* _INSTRUCTIONS TO FOLLOW_:
Every line of the material must be given again verbatim. Skip the images.

* _INFORMATION SHOWN_:

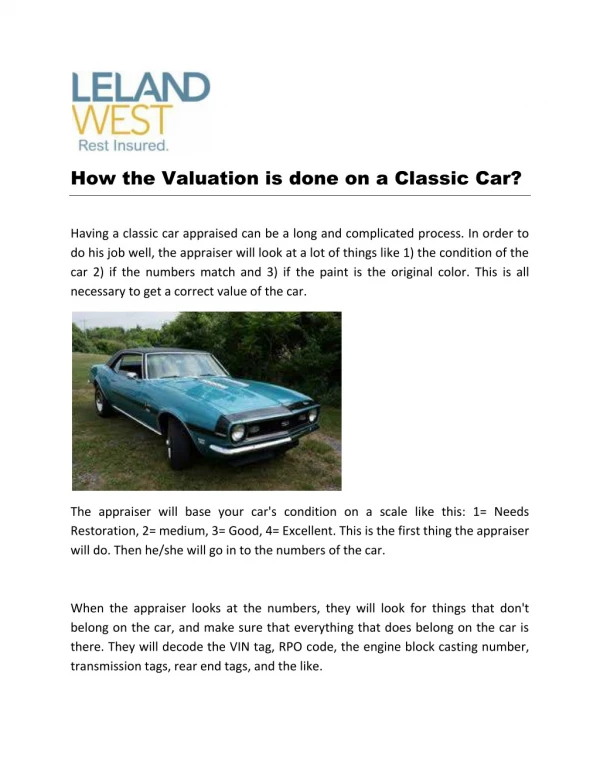 How the Valuation is done on a Classic Car?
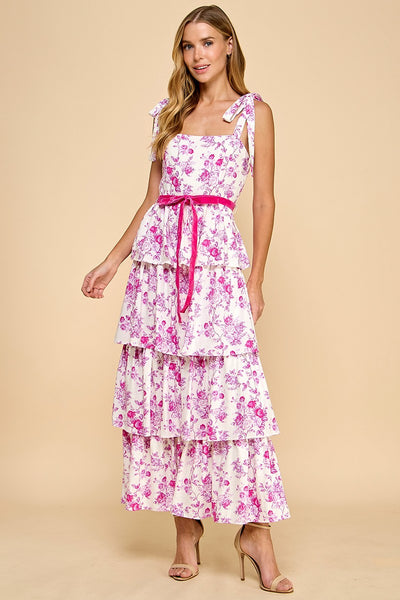 yours to keep tiered floral midi dress | pink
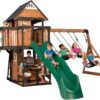 Backyard Discovery Canyon Creek Cedar Wood Swing Set with Wave Slide, Clubhouse, Play Kitchen, Picnic Area, Belt Swings, Web Swing, Rock Wall, Balconies, Playhouse, Step Ladder, Outdoor Playset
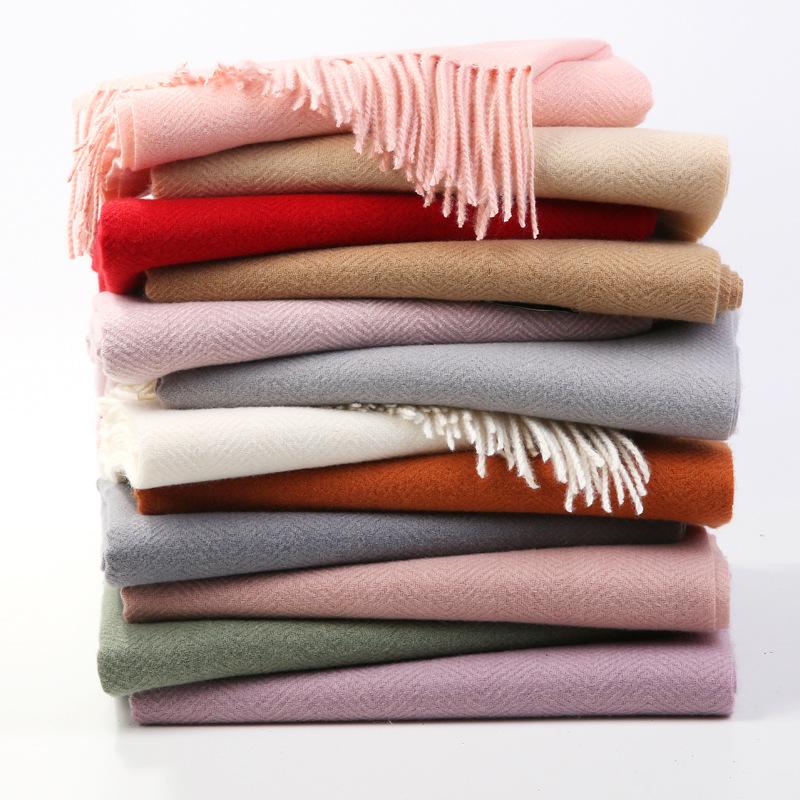

Scarves Scarf For Women 2021 Winter Thicken Warm Soft Pashmina Shawls Wraps Solid Female Wool Long Tassel High Quality, Blue;gray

* _ANSWER SPACE_:
 How the Valuation is done on a Classic Car?
 yours to keep tiered floral midi dress | pink
 Backyard Discovery Canyon Creek Cedar Wood Swing Set with Wave Slide, Clubhouse, Play Kitchen, Picnic Area, Belt Swings, Web Swing, Rock Wall, Balconies, Playhouse, Step Ladder, Outdoor Playset

Scarves Scarf For Women 2021 Winter Thicken Warm Soft Pashmina Shawls Wraps Solid Female Wool Long Tassel High Quality, Blue;gray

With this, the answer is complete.